Kim, who represents a country in which 43 percent of the population has no religion at all (32% are Christian and 24% Buddhist), is not convinced that religious fundamentalism could drive the Iranian regime to carry out an attack that could ultimately threaten its own survival.
Amid “all their nationalistic fervor and their patriotism,” he says, the people of Iran “also desire to a live a normal life,” he says. They can think about the ramifications of their actions and then carefully weigh them, he says. Iranians will this summer elect a new president, he noted. “Their government can be influenced by the [citizens].”
All nondemocratic governments are interested primarily in their own survival, Kim goes on. Islamist or Communist, it is difficult to say which is more fanatic, he muses. Kim Jong-un spends his country’s money on weapons instead of feeding his people, the ambassador argues. Who can say that Iranian leaders are more fanatic than the North Koreans?
‘Iran and Israel used to be good friends… Since then, did any new facts arise for Iranians to hate Israel so much? I don’t think so.’
So Iran’s Islamist fundamentalists are not potentially suicidal in their hatred for Israel? “To my knowledge, Iran and Israel used to be good friends,” the ambassador recalls, noting that relations only turned sour after the 1979 Islamic Revolution. “Since then, did any new facts arise for Iranians to hate Israel so much? I don’t think so.” In other words, he seems to be suggesting, the Iranians don’t really hate Israel that much.

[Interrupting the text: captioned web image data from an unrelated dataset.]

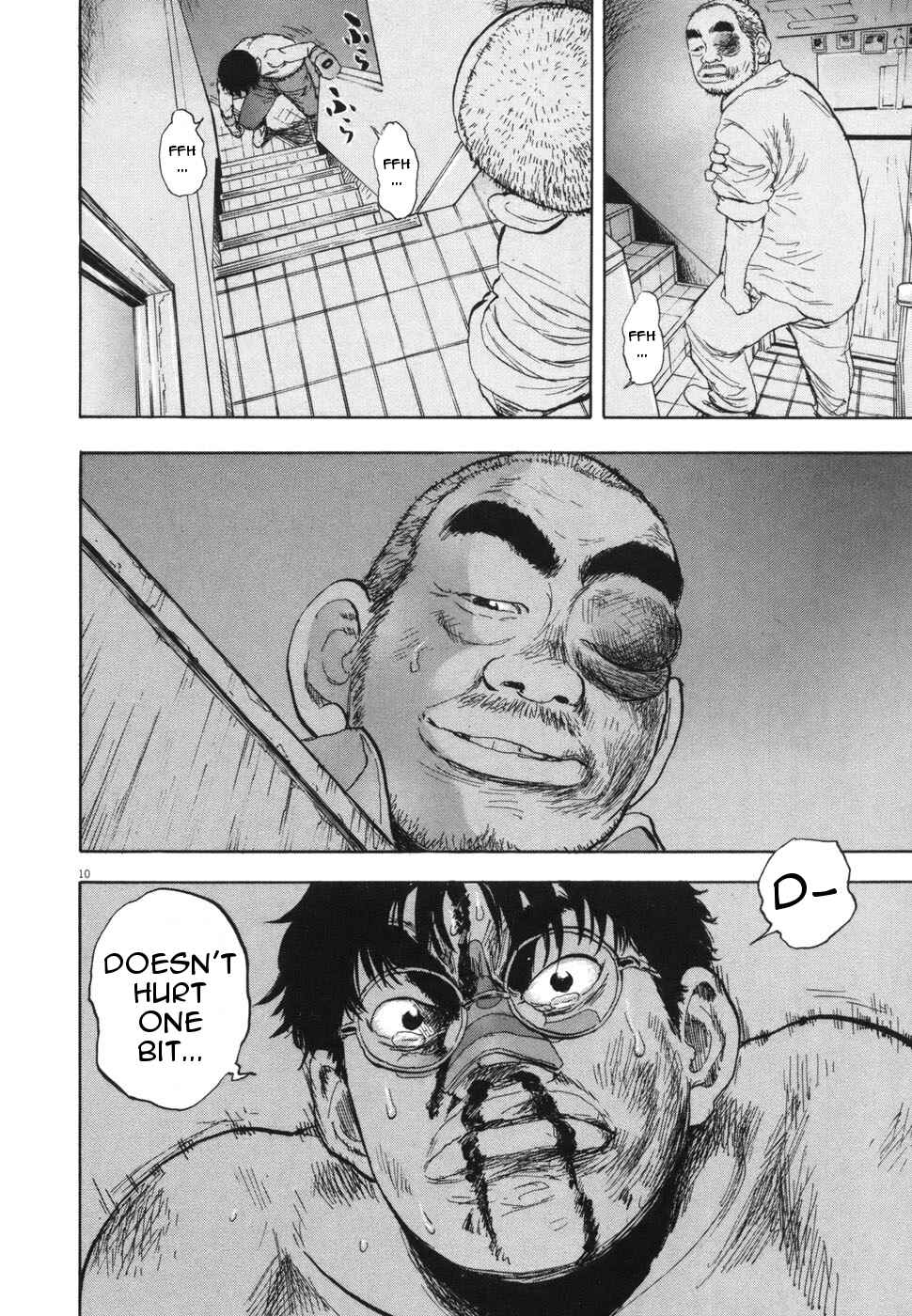 Page 10 Chapter 113 Boys on the Run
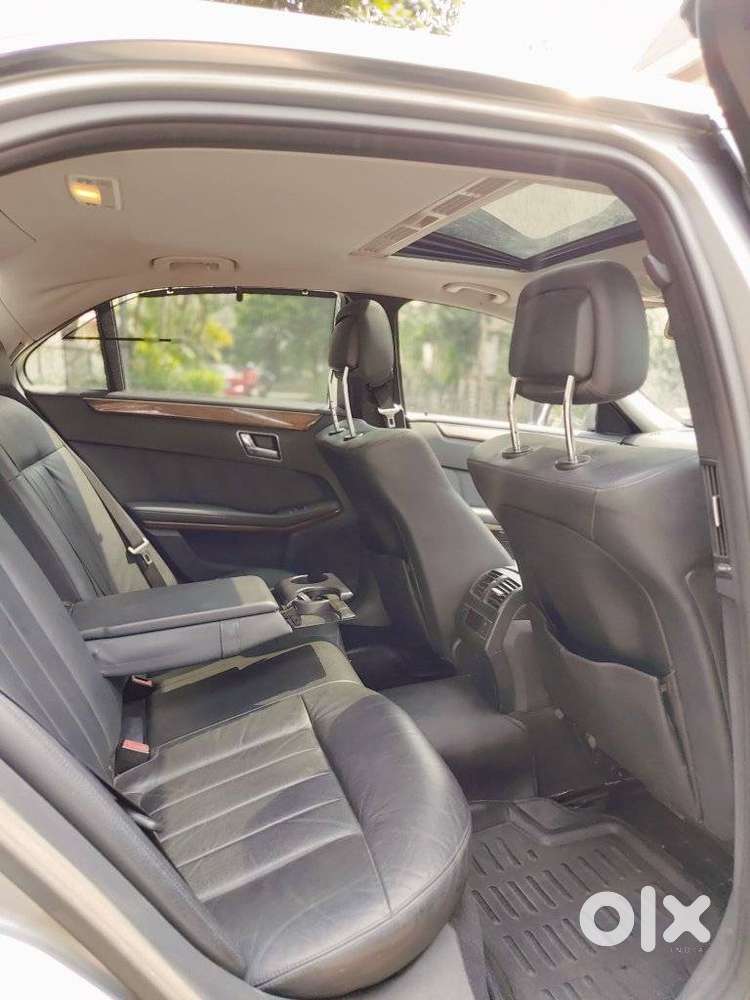 Mercedes-benz E-class E 200, 2011, Petrol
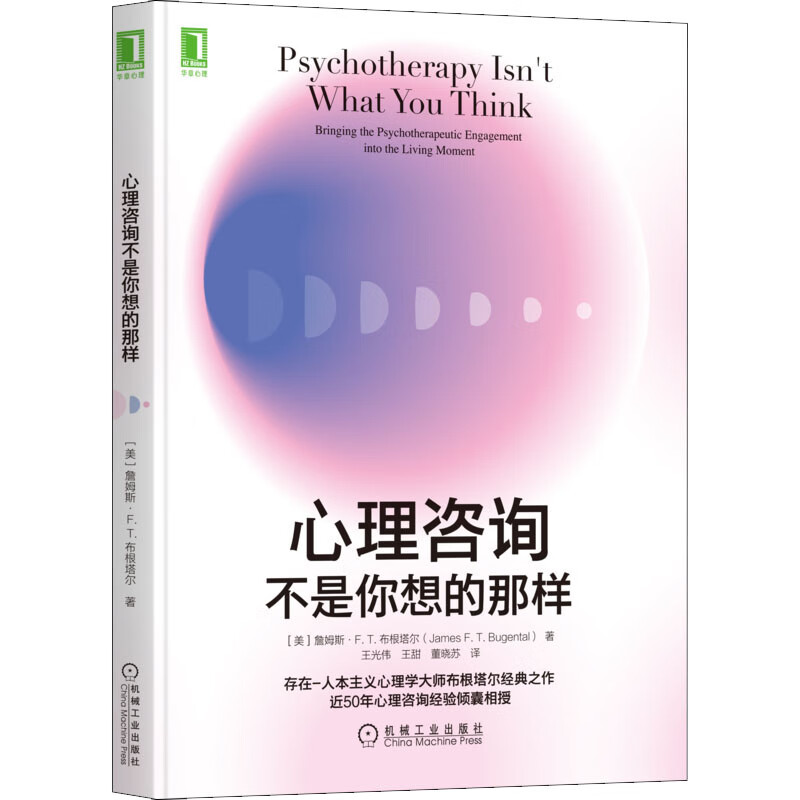 心理咨询不是你想的那样 图书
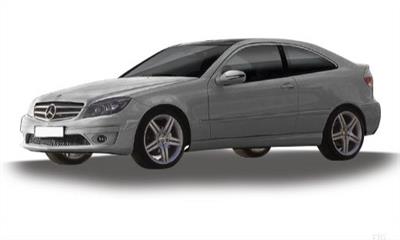 MERCEDES-BENZ Klasa CLC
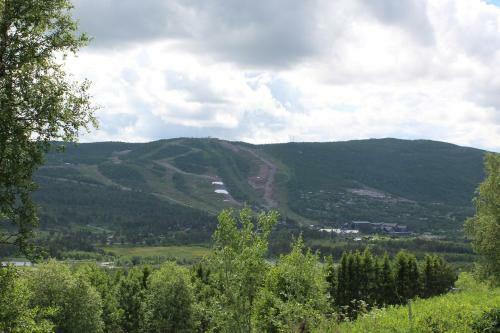 Solsiden - In The Center Of Geilo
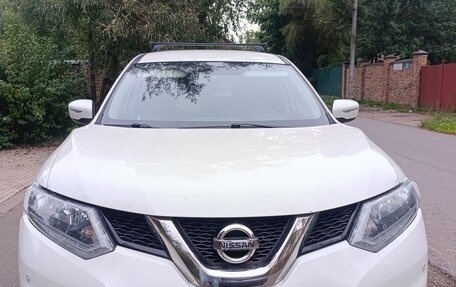 Nissan X-Trail, 2017 год, 1 650 000 рублей, 1 фотография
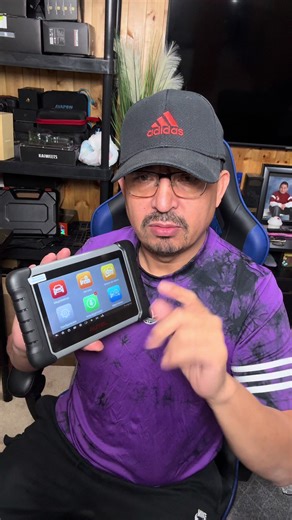 Autel maxicon mk808s scanner bidireccional con tecnologia avanzada para diagnóstico y programación de llaves en vehículos domésticos o importados #obd2scanner #dieselmechanic #scantool #keyprogramming #cardiagnostic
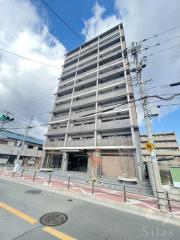 地下鉄御堂筋線あびこ駅まで徒歩8分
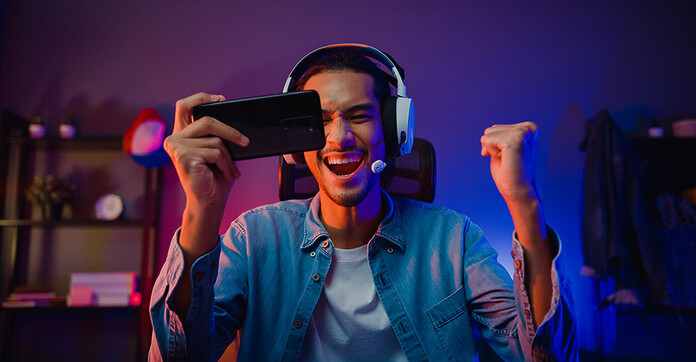 2 de cada 3 personas se consideran gamers en EE.UU.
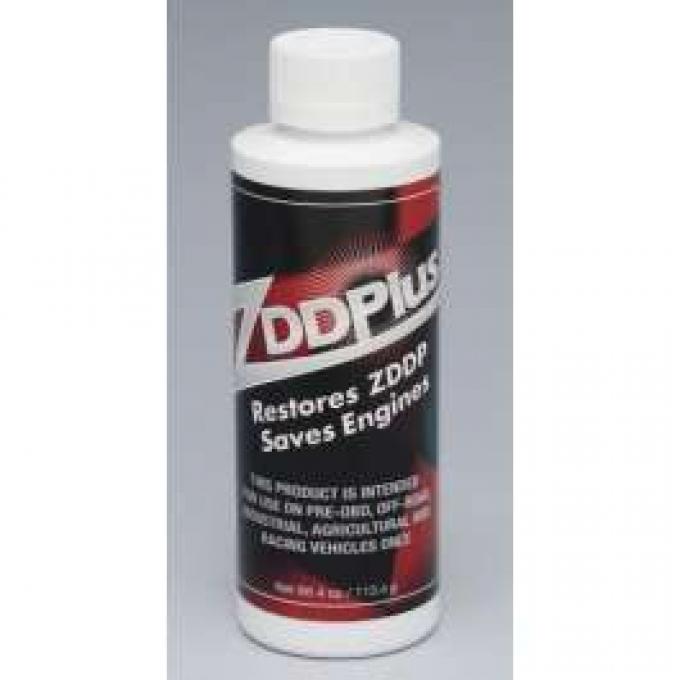 Engine Oil Additive, ZDD Plus?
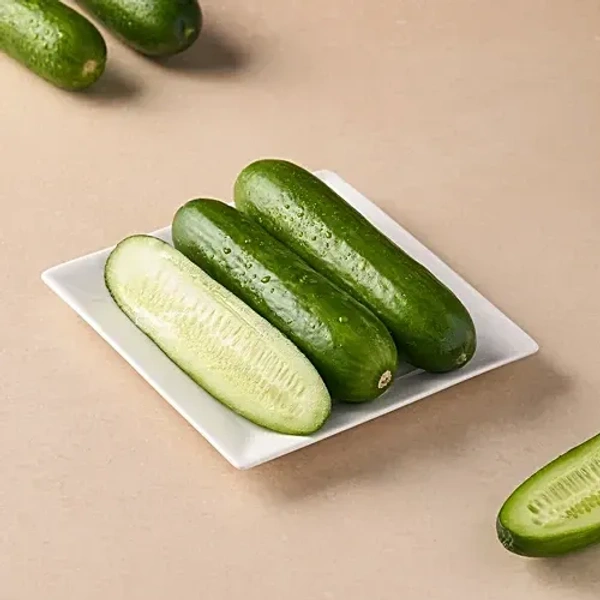 Cucumber - English (Loose), - (1kg)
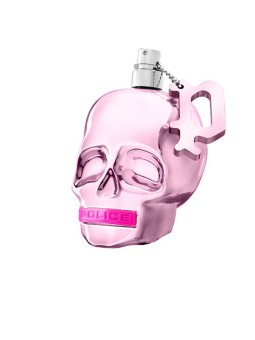 Police TO BE TRUE ME WOMAN eau de parfum vapo 125ml donna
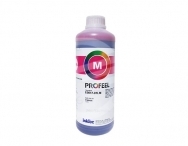 Tinta Pigmentada para Epson - Inktec Profeel  – 1 Litro – Magenta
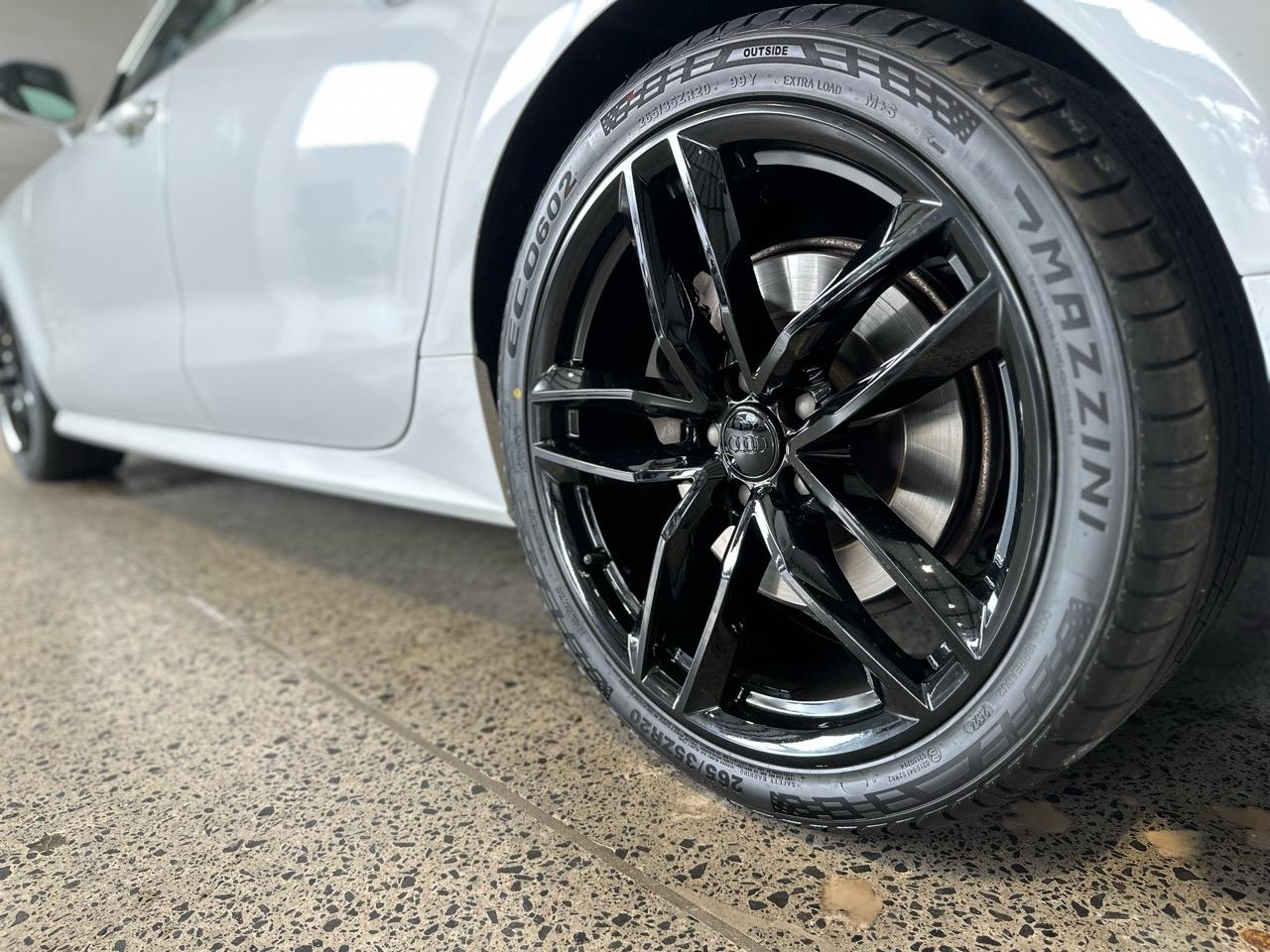 2018 Audi A7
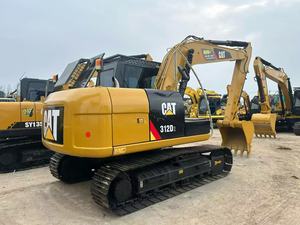 Excavadora Compacta 312D2 con Cucharón de Excavación de 0.53m de Capacidad, Peso Operativo de 12-13 Toneladas - Product Image 5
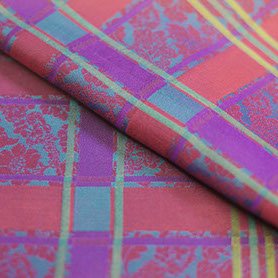 Silk scarf S20 series-70x70cm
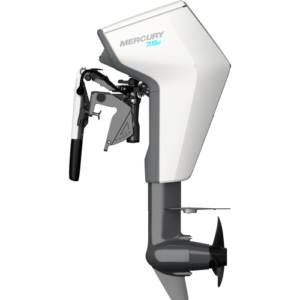 New Mercury Avator 7.5e Electric Outboard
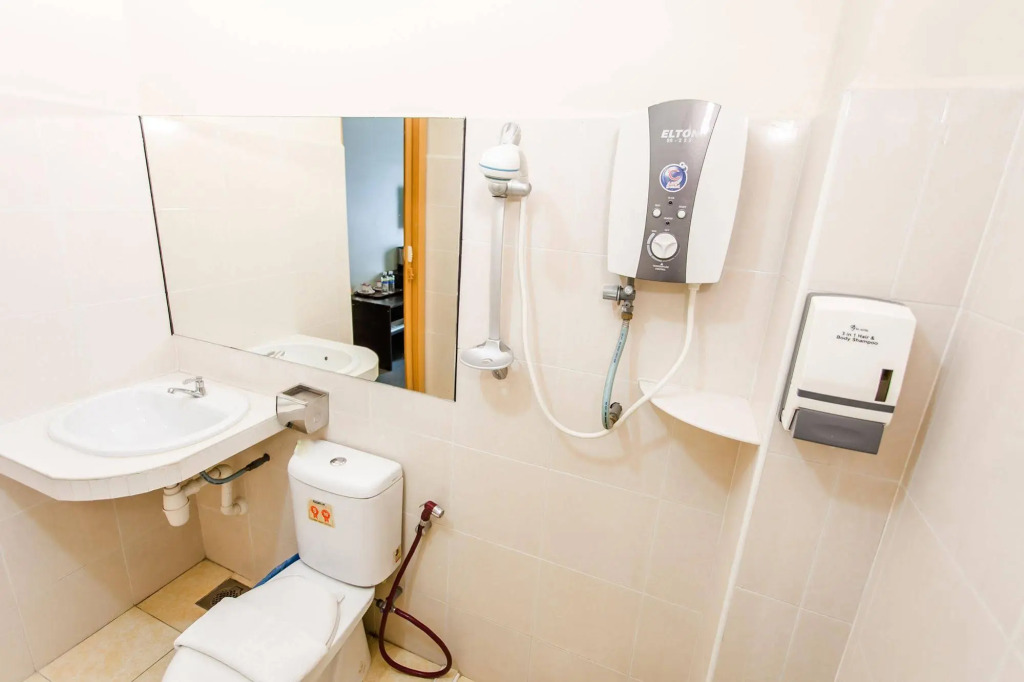 RJ Hotel Kulai
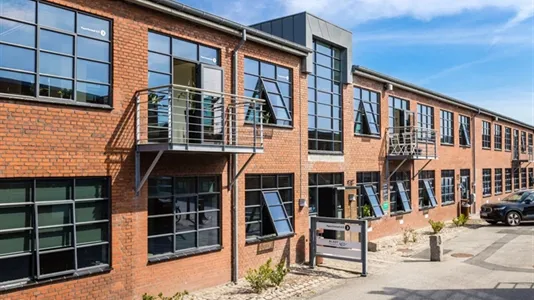 Kontorlokaler til leje i Odense C - billede 1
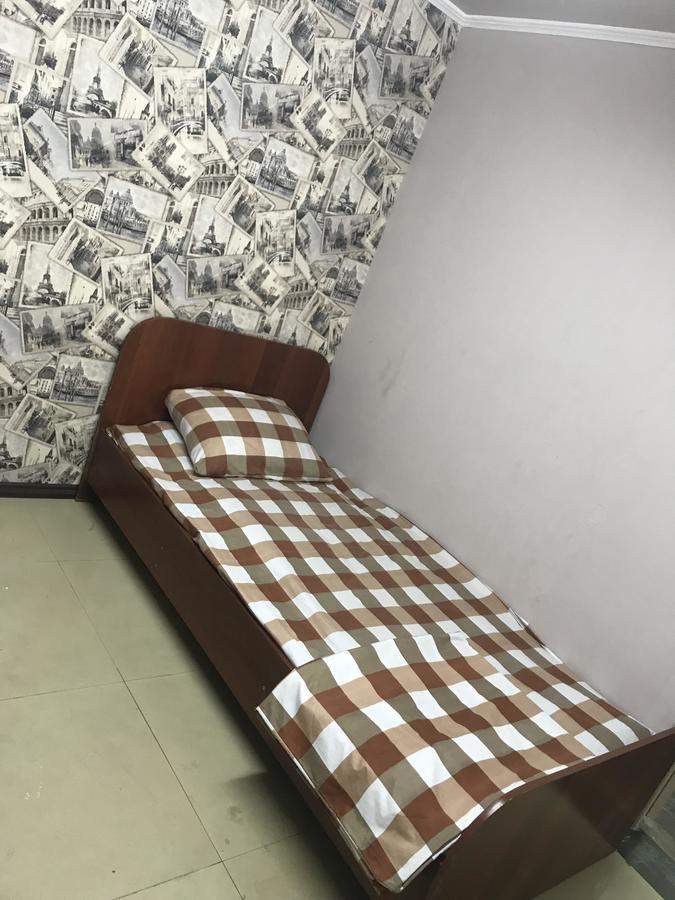 אלמטי Asia Hostel מראה חיצוני תמונה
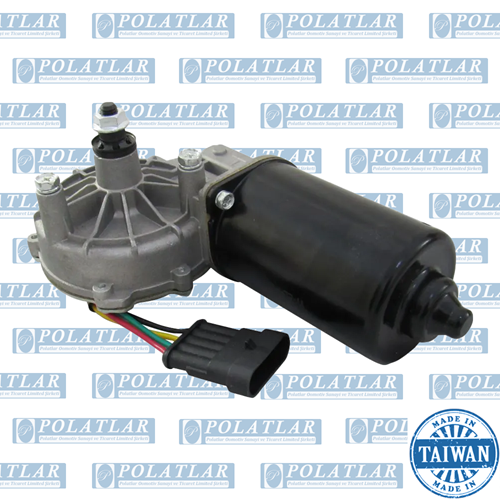 İVECO EUROCARGO CAM SİLECEK MOTORU 24V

So what, then, of President Mahmoud Ahmadinejad’s talk of Israel being wiped off the map? “Maybe they are religious people, [but] at the same time [they are] politicians,” Kim responds. “I hope they are doing this for a political purpose. I cannot say for sure.”
In the three decades since the Iranian revolution, the Islamists have not done much to improve the lives of ordinary citizens, Kim says. “Maybe they found rationality or legitimacy in the hatred of some country.” We have to ask ourselves why the Iranians are saying that they wish death upon Israel, he continues. “I don’t think they are mad people… They think rationally, I think. Rationally, yes. They have a religious bias, but still [act] rationally. That’s why they stay in power.”
Which makes the Iranian regime similar to that in North Korea, he says. Even Kim Jong-un knows what’s best for his survival. Both leaderships, “in that sense, are very rational people. They are doing everything possible to secure the survival of the regime at the expense of the people,” Kim says. While it is indeed “mad” to place the regime’s survival over the good of people, “as far as their real political thinking is concerned, they are reasonable people.”
Kim’s bottom line: “I hope there are some ways to persuade [the Iranians to abandon their nuclear drive], as we hope about the North Koreans.”
What should Israel do in the meantime?
“Sanctions should be given a chance,” the ambassador says, unsurprisingly. Rely on the international community to ensure Iran doesn’t get to a point where it can be an existential threat to Israel, he proposes. After all, the world does have influence and “good intentions.”
Still, he acknowledges, “At the end of the day, you are responsible for your own security.”